Dans ce recueil de petits textes déroulés à la façon d'un abécédaire, Stéphane
Audeguy dresse l'inventaire des « douceurs » de la vie.
Qu'on ne s'y méprenne, la douceur n'est pas mièvrerie, ni résignation ;
encore moins régression du côté de la guimauve et des doudous. Le propos
d'Audeguy, ô combien délectable, est « d'appeler ici douceur
l'ensemble des puissances d'une existence libre ».
Le programme est donc tout ce qu'il y a de plus actif : une pensée, une
volonté, une vigilance, des choix.
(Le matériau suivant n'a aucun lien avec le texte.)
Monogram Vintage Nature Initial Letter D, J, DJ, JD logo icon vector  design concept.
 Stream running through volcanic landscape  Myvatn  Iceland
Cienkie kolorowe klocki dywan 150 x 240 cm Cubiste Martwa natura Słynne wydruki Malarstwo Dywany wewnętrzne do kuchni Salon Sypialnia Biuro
C'est ainsi que d'Amitié à Transgression (en
cinq lignes superbes), en passant par la Cuisine (« art des
délicatesses »), le Silence, les Tapas, les « beaux Jardins
démocratiques de Gilles Clément », ou encore bien sûr la Lecture
(« la plus subtile, la plus tendre, la plus raffinée, la plus
raffinante de toutes les activités »), Stéphane Audeguy pointe du doigt
ces petites et grandes choses dans lesquelles on s'apaise et se retrouve.
Citant Barthes et Nietzsche à point nommé, il ne s'interdit pas quelques
flèches à l'encontre de « la haine petite bourgeoise... à l'égard de
toutes les différences », ou encore de l'usage du sac à dos dans le métro,
observant qu'« un nombre grandissant d'individus négligent de
s'interroger sur leur encombrement ».
Beau, frais et drôlement bien tourné.